General Clark bowed to the inevitable after dismal third-place finishes in Virginia and Tennessee on Tuesday, two southern states on which the former Nato commander had pinned his hopes. Short of money, and with no realistic prospect of further success, he formally announced his decision in a press conference in his home town of Little Rock, Arkansas.

After belatedly entering the contest in September, General Clark emerged as Howard Dean's main challenger when it seemed as if the former Vermont governor would carry all before him. In the last three months of 2003, General Clark raised $15m (£8m) in campaign funds.

He enjoyed the informal blessing of Bill Clinton, and many of the former president's senior advisers joined his campaign. But he repeatedly showed his political inexperience, initially stumbling over his position on the Iraq war and betraying ignorance of several significant domestic policy issues. The fatal blow came in Iowa, where General Clark did not compete. His gamble was that Mr Dean would win, and that as a military man with strong national security credentials, he would emerge as the "stop-Dean" candidate.

Instead, Iowa chose Mr Kerry, a decorated Vietnam war hero, depriving General Clark of much of the rationale for his candidacy. In New Hampshire the following week, his support ebbed as Mr Kerry's surged. On 3 February he won his only primary victory in Oklahoma.

Fundraising became difficult, forcing General Clark to suspend salaries for many campaign workers. His withdrawal was inevitable after he failed to manage a second place on what should have been friendly turf.

Final returns showed Senator Kerry winning 52 per cent of the vote in Virginia and 41 per cent in Tennessee. Mr Edwards came second, with 27 per cent in each state. As the results came in, some Democratic elders increased pressure on Mr Edwards and Mr Dean to withdraw, arguing that neither had a realistic chance of ultimate victory and that the priority was to unite the party behind Mr Kerry in the overriding cause of defeating President George Bush.

But neither opponent seemed ready to take the hint. Speaking in Wisconsin, where the next important primary takes place on 17 February, Mr Edwards said that voters "want an election, not a coronation". Mr Dean also vowed to carry on to so-called "Super Tuesday" on 2 March, when 10 states hold primaries and caucuses.

These states include California, the richest prize of all, as well as the two other "mega-states" of New York and Ohio. More than half of the 2,162 delegates needed for a majority at the July nominating convention in Boston will be at stake on 2 March.

However impressive his string of victories - in 12 of the 14 primaries and caucuses thus far - Mr Kerry has only 516 pledged delegates, according to the Associated Press, less than a quarter of the number needed for victory.

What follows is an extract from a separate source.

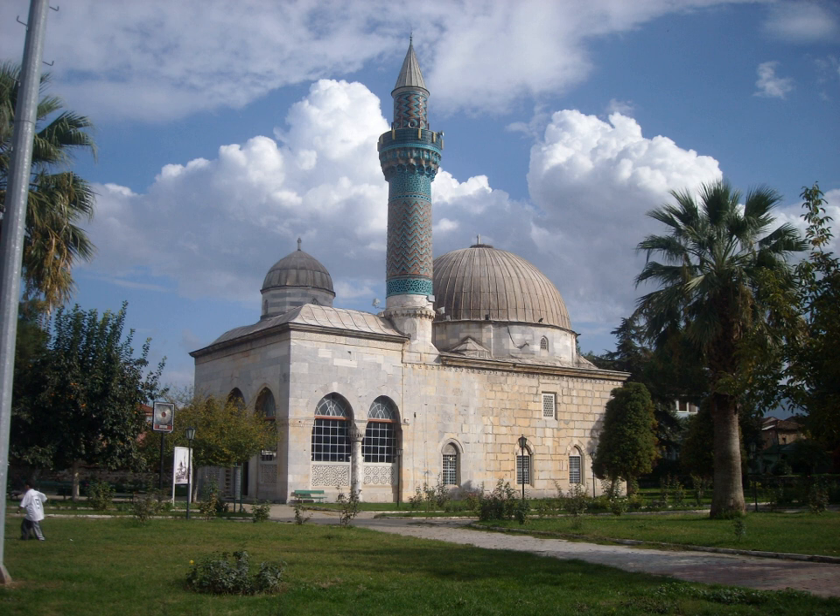The colourful tiled minaret gives the mosque its name — Yesil, meaning green in Turkish. The mosque was damaged in 1922 by the Greek army during the Turkish War of Independence. It was later restored between 1956 and 1969.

Mr Dean has 182, Mr Edwards 165, and General Clark 105.

Mr Kerry is behaving as if the primaries are already over, ignoring his rivals and concentrating his fire on Mr Bush.

It appears that the pattern will continue in Wisconsin, a state where Mr Dean once said that victory was essential if his candidacy was to stay alive.

Wisconsin has a habit of going for outsiders - but probably not this time. Polls show Mr Kerry far ahead of Mr Edwards, with Mr Dean a distant third.

But for all Mr Kerry's strength, and the anointing by commentators of Mr Edwards as the perfect vice-presidential running mate, influential Democrats feel that the story may yet have surprises ahead.

Mr Clinton told USA Today: "A lot of times things happen late in the race that sometimes make a difference and sometimes don't." The former president was reflecting a desire to see a face-to-face debate between Mr Kerry and Mr Edwards, whose campaign has attracted much praise, but who has had to compete with Gen Clark for the same pool of votes.